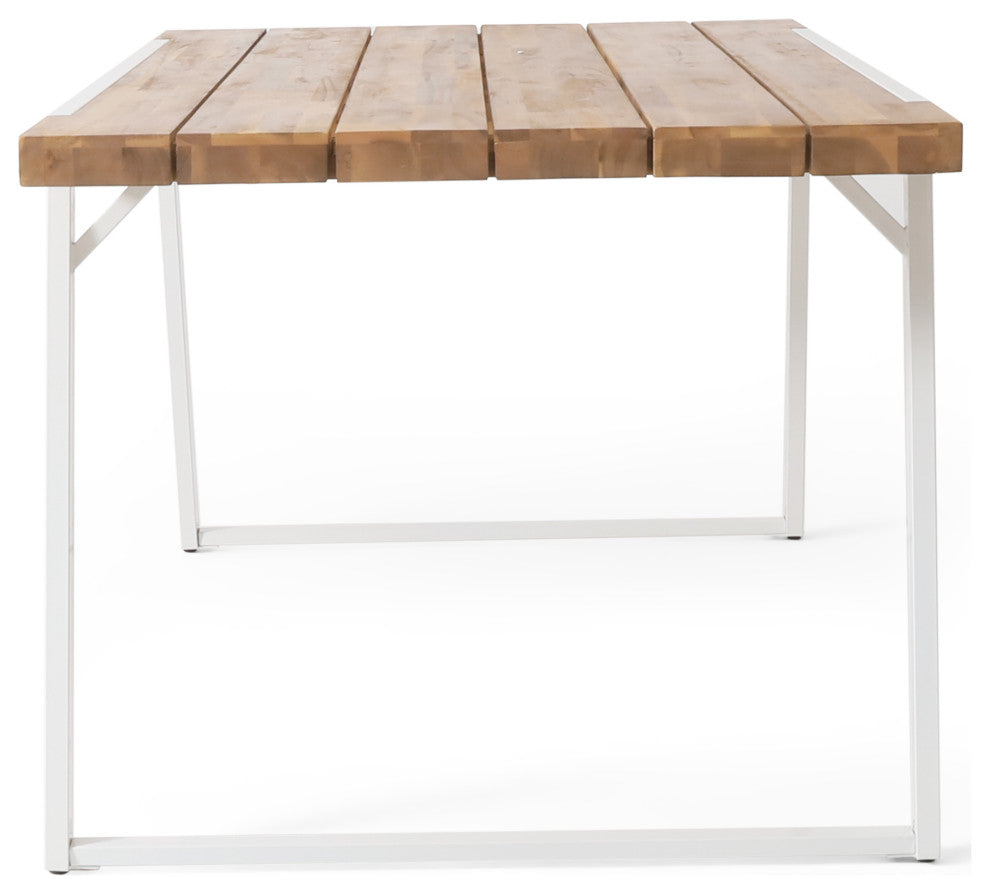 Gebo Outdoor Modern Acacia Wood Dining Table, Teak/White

--

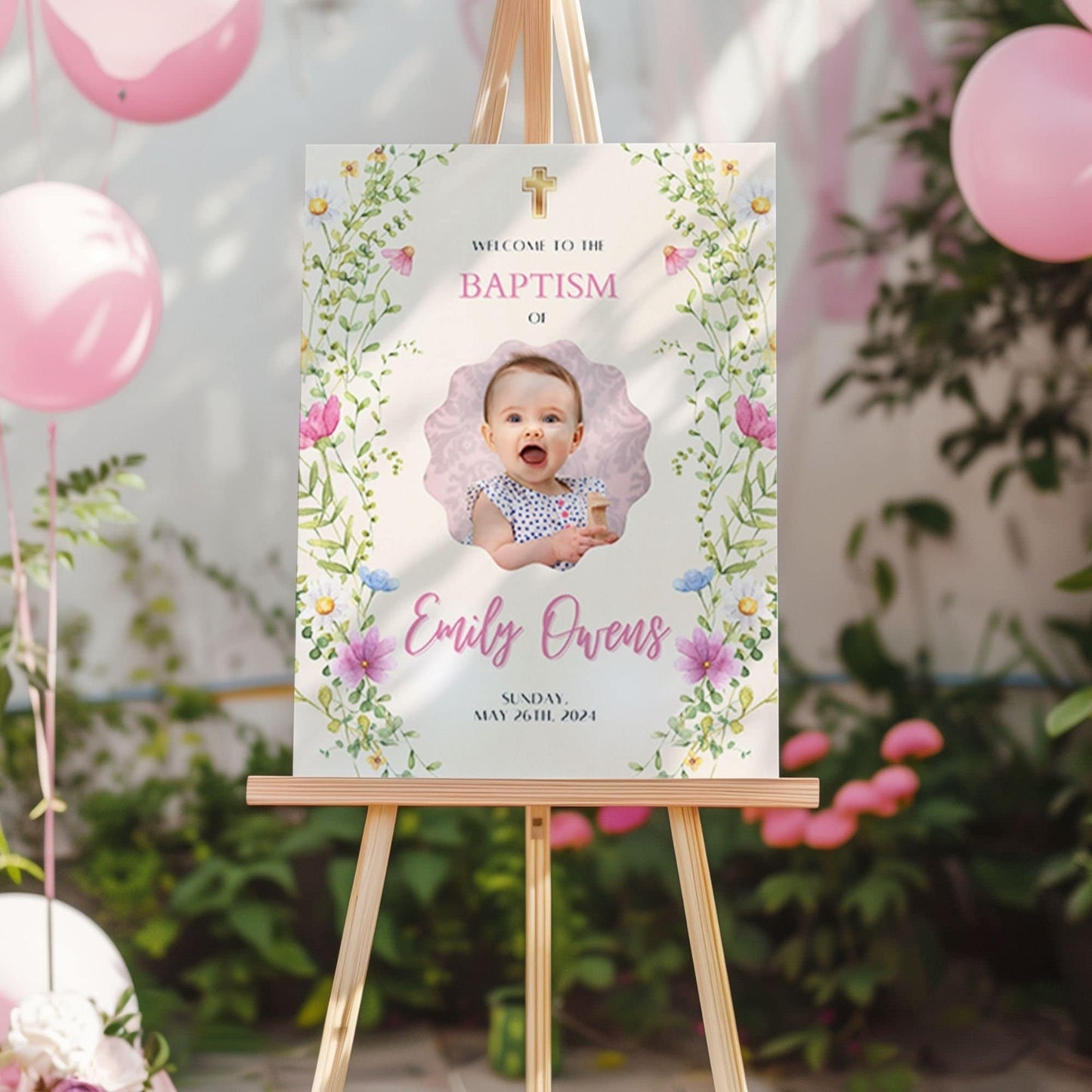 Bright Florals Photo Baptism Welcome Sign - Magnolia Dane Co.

---

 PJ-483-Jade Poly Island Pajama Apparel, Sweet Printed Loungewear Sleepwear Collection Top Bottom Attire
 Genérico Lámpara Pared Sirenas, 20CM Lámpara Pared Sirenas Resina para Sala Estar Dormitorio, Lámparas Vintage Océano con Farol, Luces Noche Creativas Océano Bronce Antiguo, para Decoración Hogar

**What to produce:** A verbatim transcription is needed of the lines above, starting at the line with "PJ-483-Jade Poly Island" and ending at the line with "Genérico Lámpara Pared", both included, and of nothing else.

**Exercise output:**
 PJ-483-Jade Poly Island Pajama Apparel, Sweet Printed Loungewear Sleepwear Collection Top Bottom Attire
 Genérico Lámpara Pared Sirenas, 20CM Lámpara Pared Sirenas Resina para Sala Estar Dormitorio, Lámparas Vintage Océano con Farol, Luces Noche Creativas Océano Bronce Antiguo, para Decoración Hogar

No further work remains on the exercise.